**Task item**
Give back every record verbatim, but not the pictures.

Data records
<<<<
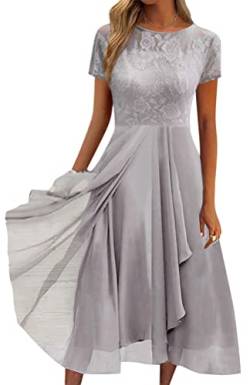 Minetom Damen Kleider Spitzenkleid Chiffon Cocktailkleid Festliches Ballkleid Brautjungfernkleider Für Hochzeit Midi Abendkleider A Grau S von Minetom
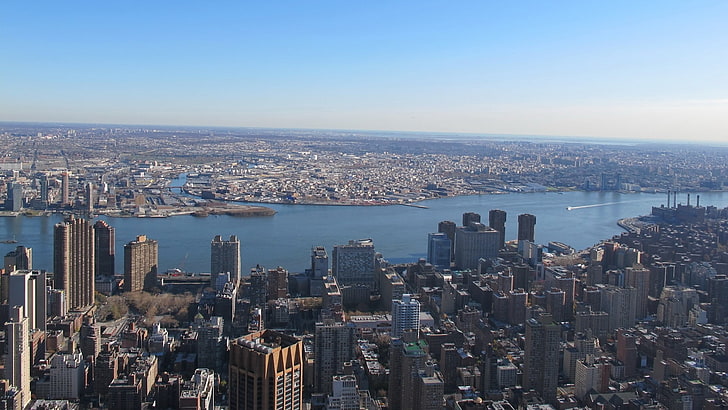 city skyline during daytime aerial photography, usa, new york, manhattan, empire state building, HD wallpaper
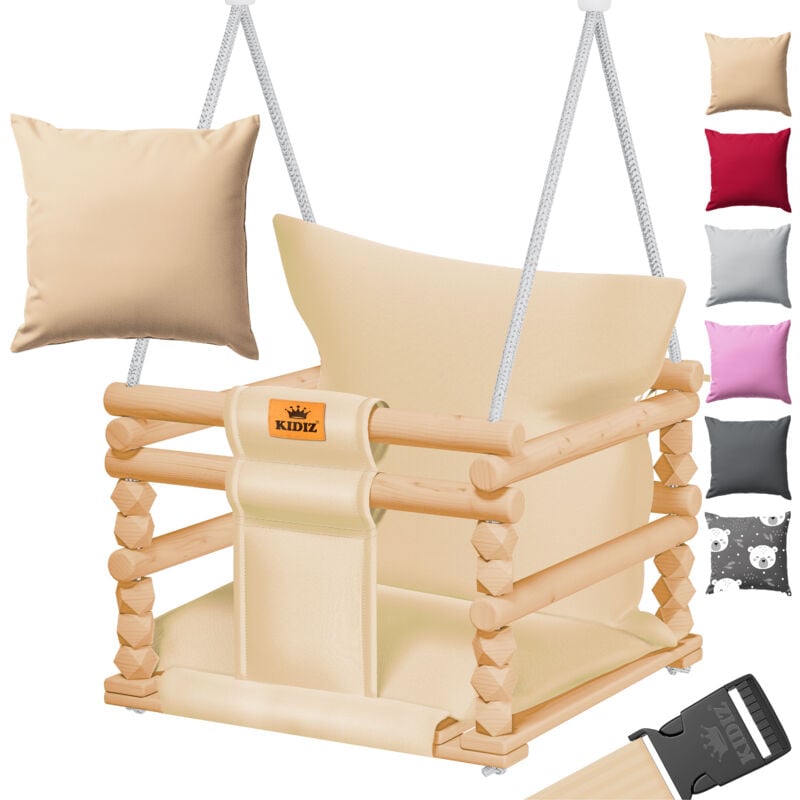 Kidiz - Babyschaukel Kinderschaukel Schaukelsitz mit Polsterung Holz-Schaukel mit Anti-Kipp bis 60KG Höhenverstellbar Indoor & Outdoor Beige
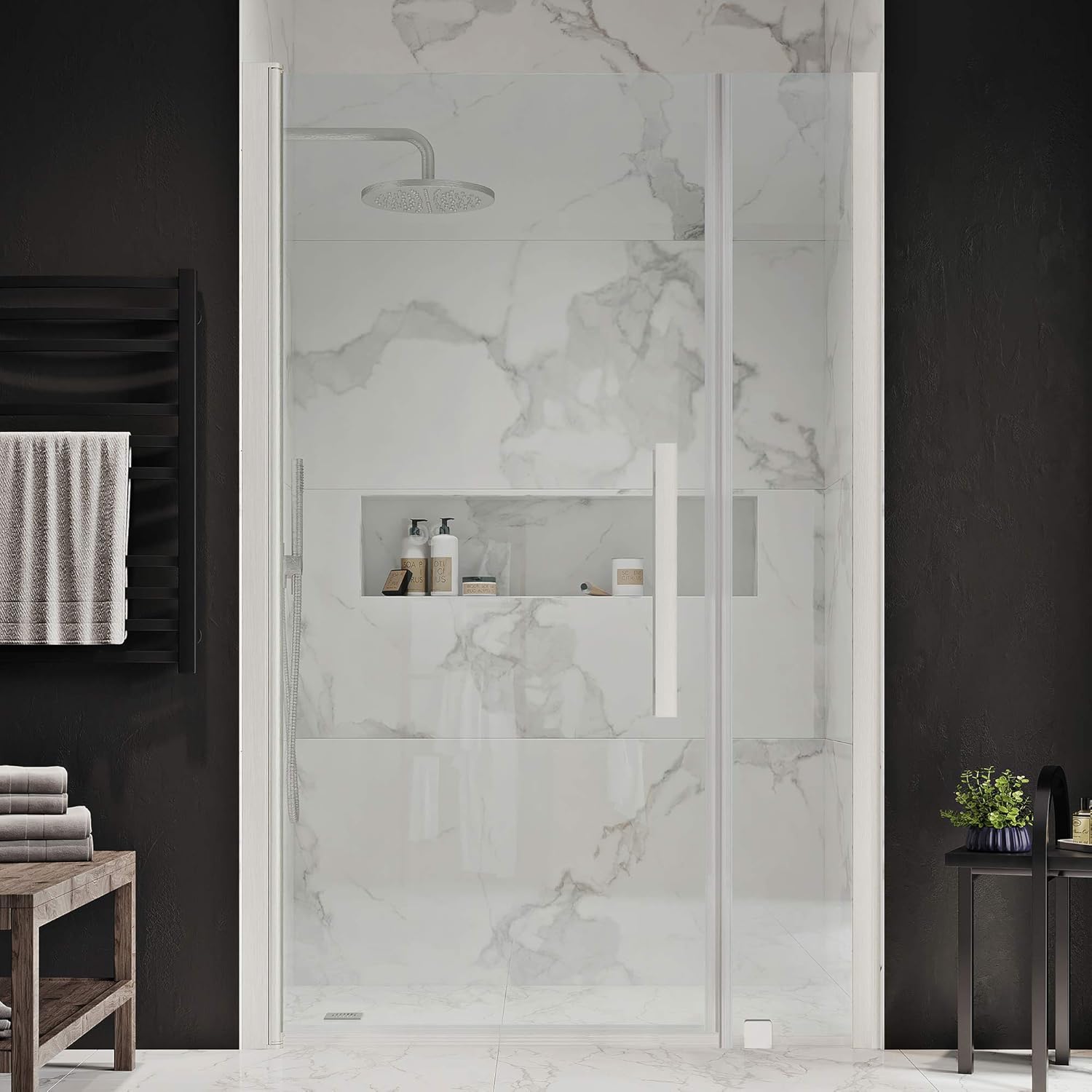 OVE Decors Frameless Pivot Shower Door Satin Nickel 1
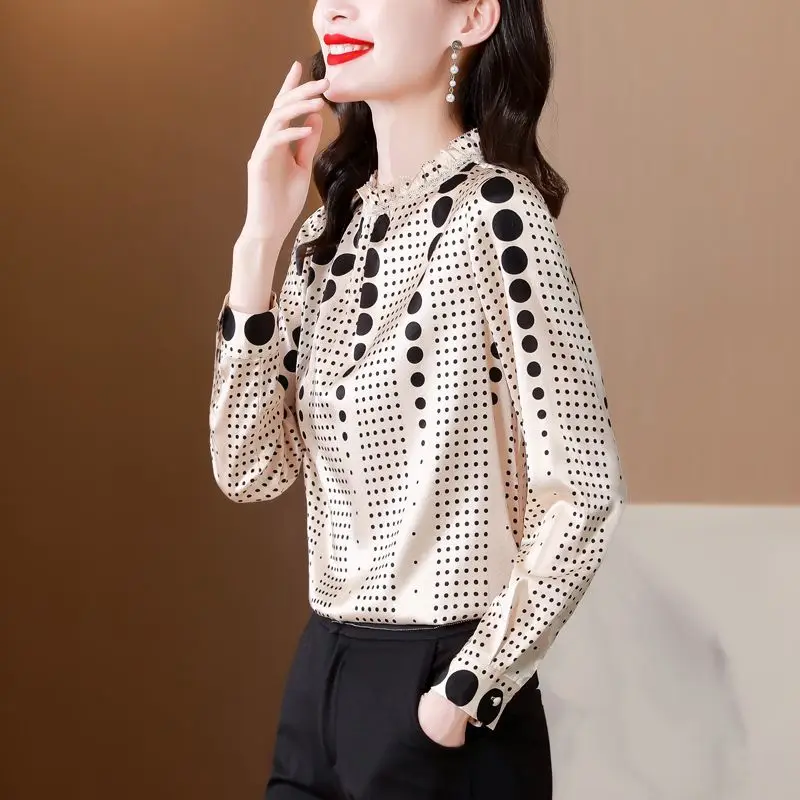 Women Korean Fashion Silk Satin Polka Dot Print Elegant Blouse Office Lady Ruffle Stand Collar Shirts Casual Long Sleeve Blusas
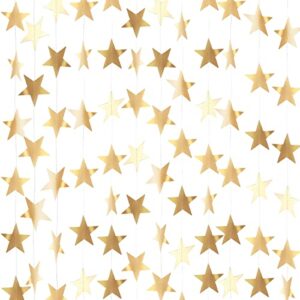 gold star garland banner decorations – 156 feet bright gold paper garland hanging decorations, glitter gold star bunting banner for wedding, birthday, holiday, christmas party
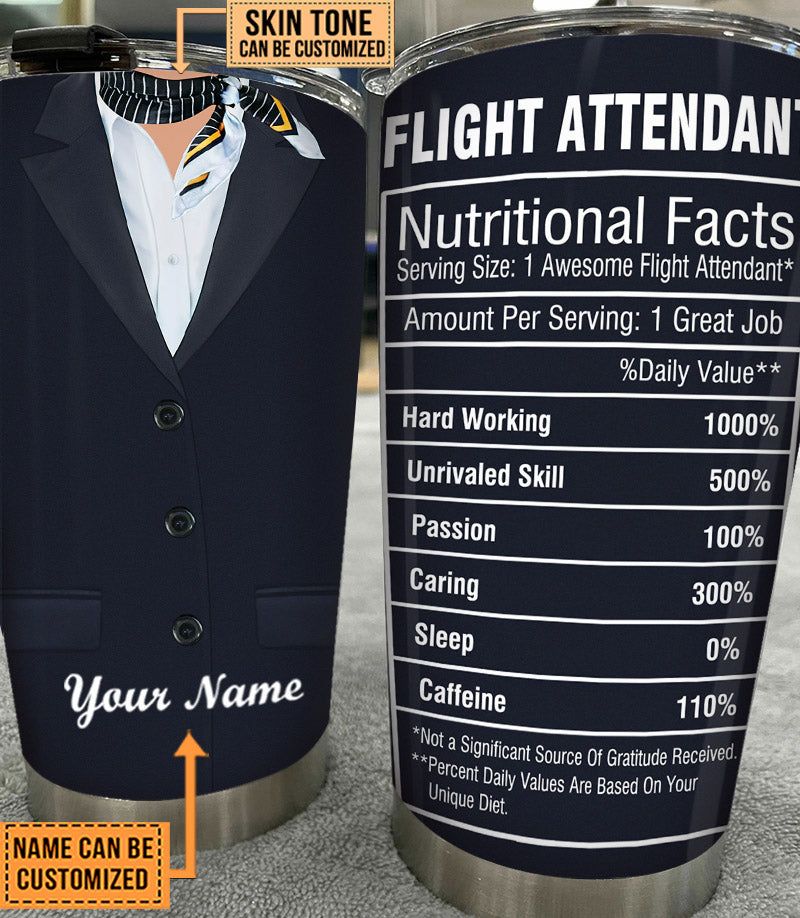 Personalized Flight Attendant Nutritional Facts Tumbler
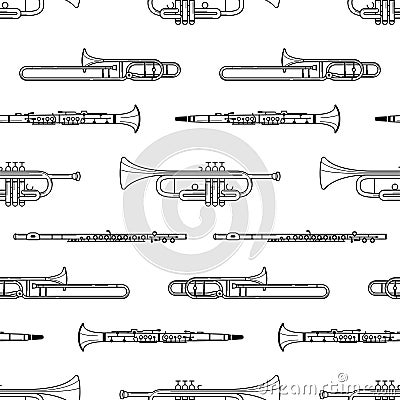 Woodwind instruments hand drawn outline seamless pattern Vector Illustration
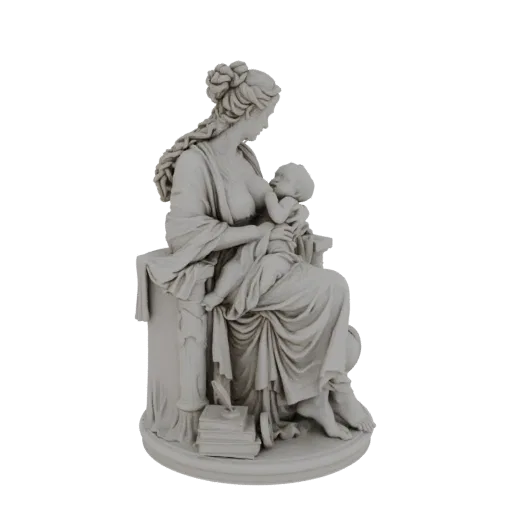 3D model of a classical marble-like statue of a mother breastfeeding her baby, with detailed drapery and serene expressions.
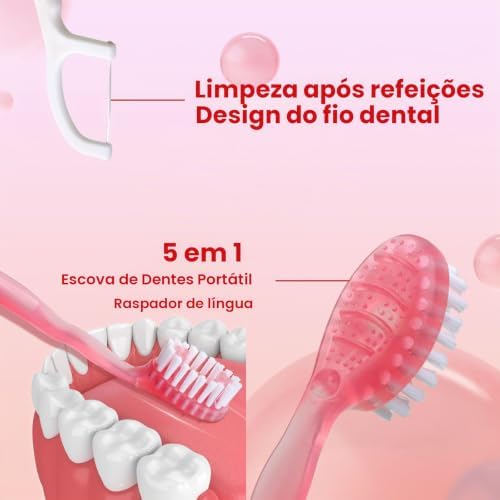 Escova Descartável 5 em 1 - raspador de língua e fio dental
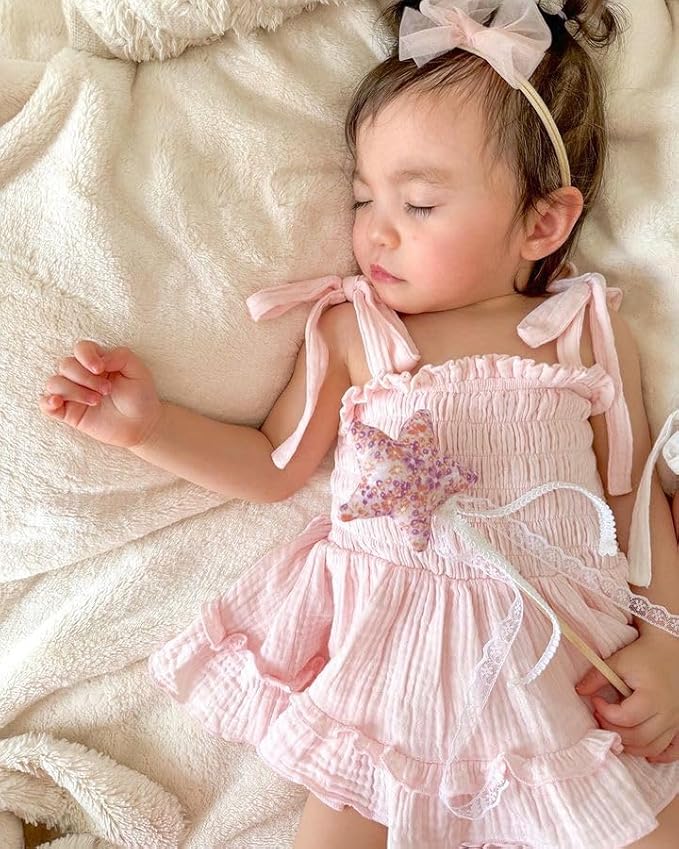 Newborn Baby Girl Bodysuit Sleeveless Halter Frill Romper One-piece Jumpsuit with Headband Summer Clothes Set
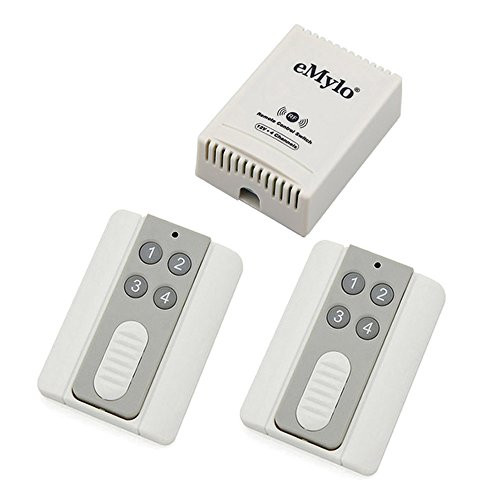 eMylo DC 12V 4 Channels RF Wireless Remote Control Relay Switch 433Mhz 2pcs Transmitters with Receiver for Light Garage Door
>>>>
**Solved problem**
 Minetom Damen Kleider Spitzenkleid Chiffon Cocktailkleid Festliches Ballkleid Brautjungfernkleider Für Hochzeit Midi Abendkleider A Grau S von Minetom
 city skyline during daytime aerial photography, usa, new york, manhattan, empire state building, HD wallpaper
 Kidiz - Babyschaukel Kinderschaukel Schaukelsitz mit Polsterung Holz-Schaukel mit Anti-Kipp bis 60KG Höhenverstellbar Indoor & Outdoor Beige
 OVE Decors Frameless Pivot Shower Door Satin Nickel 1
 Women Korean Fashion Silk Satin Polka Dot Print Elegant Blouse Office Lady Ruffle Stand Collar Shirts Casual Long Sleeve Blusas
 gold star garland banner decorations – 156 feet bright gold paper garland hanging decorations, glitter gold star bunting banner for wedding, birthday, holiday, christmas party
 Personalized Flight Attendant Nutritional Facts Tumbler
 Woodwind instruments hand drawn outline seamless pattern Vector Illustration
 3D model of a classical marble-like statue of a mother breastfeeding her baby, with detailed drapery and serene expressions.
 Escova Descartável 5 em 1 - raspador de língua e fio dental
 Newborn Baby Girl Bodysuit Sleeveless Halter Frill Romper One-piece Jumpsuit with Headband Summer Clothes Set
 eMylo DC 12V 4 Channels RF Wireless Remote Control Relay Switch 433Mhz 2pcs Transmitters with Receiver for Light Garage Door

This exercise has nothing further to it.